Lunedì 26 maggio 2025 - La classica strategia 60/40 — 60% azioni, 40% obbligazioni — è tornata a brillare nel 2025, dopo anni di performance altalenante. Il modello, storicamente consigliato per chi cerca un equilibrio tra crescita e stabilità, ha generato un rendimento dell’1,6% fino a metà maggio, superando persino l’S&P 500 nello stesso periodo, secondo Bloomberg.
Alla base del rilancio c’è la rinnovata correlazione negativa tra azioni e bond statunitensi: quando i mercati azionari scendono, le obbligazioni tornano a fare da scudo, e viceversa. Il ritorno di questo meccanismo classico è un segnale positivo per gli investitori, che possono di nuovo contare su una diversificazione efficace.
A minacciare questo fragile equilibrio ci pensa la parte lunga della curva dei Treasury. I titoli a 30 anni hanno superato il 5% di rendimento, ai massimi da quasi vent’anni, spinti da vendite aggressive legate ai timori sul debito e sul deficit federale. Le pressioni si sono accentuate dopo la proposta di nuovi tagli fiscali da parte di Trump e il downgrade del rating USA da parte di Moody’s, eventi che hanno rafforzato lo scetticismo verso i bond a lunga duration.
Meglio la parte breve della curva: strategia difensiva per tempi incerti
Secondo gli esperti, la strategia 60/40 non è morta, ma va adattata focalizzandosi sul “belly of the curve”, ovvero la parte intermedia, come i Treasury a 5 anni. Questi titoli offrono una maggiore sensibilità alle manovre della Fed e minore esposizione al rischio fiscale rispetto ai trentennali.
I dati lo confermano: da inizio anno, le obbligazioni a breve e medio termine hanno sovraperformato quelle a lunga scadenza. È il fenomeno noto come curve steepening, in cui i rendimenti di lungo periodo salgono mentre quelli a breve calano o restano stabili. La parte lunga viene penalizzata da aspettative di crescita lenta, deficit elevati e inflazione strutturale.
Il Bloomberg Treasury Index, con una duration media di 5,7 anni, continua a mostrare una correlazione negativa con le azioni, e questo spiega la sua capacità protettiva.

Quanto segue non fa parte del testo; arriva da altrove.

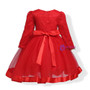 Shop 2019 Long & Short In Stock:Ship in 48 Hours Red Lace Tulle Long Sleeve Flower Girl Dress With Factory Price From Kemedress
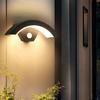 Moon-Shaped Wall Light with Motion Sensor 18W 2160LM Waterproof LED Porch Lamp for Garden Patio Garage Modern Exterior Lighting for House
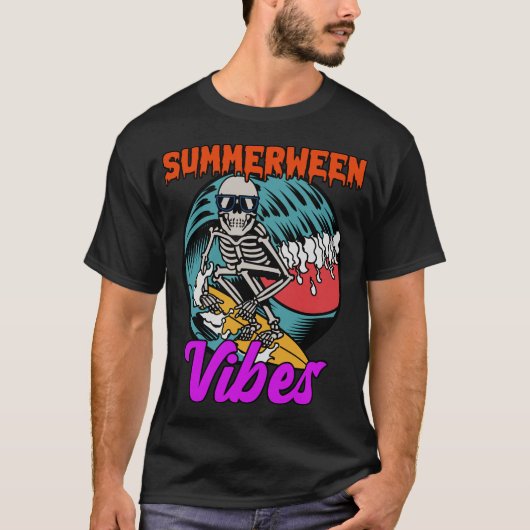 Summerween Vibes Skeleton Spooky Surfing T-Shirt (Vorderseite)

Inoltre, gli yield attuali delle obbligazioni (circa 4,8%) sono comparabili ai rendimenti attesi delle azioni (6-7% annuo), secondo Manulife, rendendo i bond un’alternativa concreta per riequilibrare il portafoglio.
Con un S&P 500 vicino a valutazioni storicamente elevate, sempre più gestori — da JPMorgan a Wells Fargo — raccomandano una rotazione verso il reddito fisso, puntando su strumenti con duration controllata e maggiore visibilità sui flussi di cassa.
Focus sulla duration: come cambia la gestione obbligazionaria nel 2025
Per l'investitore obbligazionario, la vera sfida oggi è gestire attivamente la duration. In uno scenario di tassi alti e incertezza fiscale, esporsi a scadenze troppo lunghe può aumentare il rischio di perdite in conto capitale, come dimostrano le recenti performance dei Treasury a 30 anni. Al contrario, una duration più breve — tra i 2 e i 7 anni — permette di limitare la volatilità e beneficiare di eventuali tagli della Fed, mantenendo una buona redditività in termini reali.
Le strategie più evolute stanno sfruttando strumenti come ETF a duration controllata, bond corporate investment grade a breve scadenza, e titoli governativi “belly-focused” (come i 5Y), che catturano il meglio del ciclo attuale: rendimento decente, rischio contenuto e possibilità di apprezzamento in caso di rallentamento economico. In sintesi, la chiave non è evitare i bond, ma selezionare la giusta scadenza.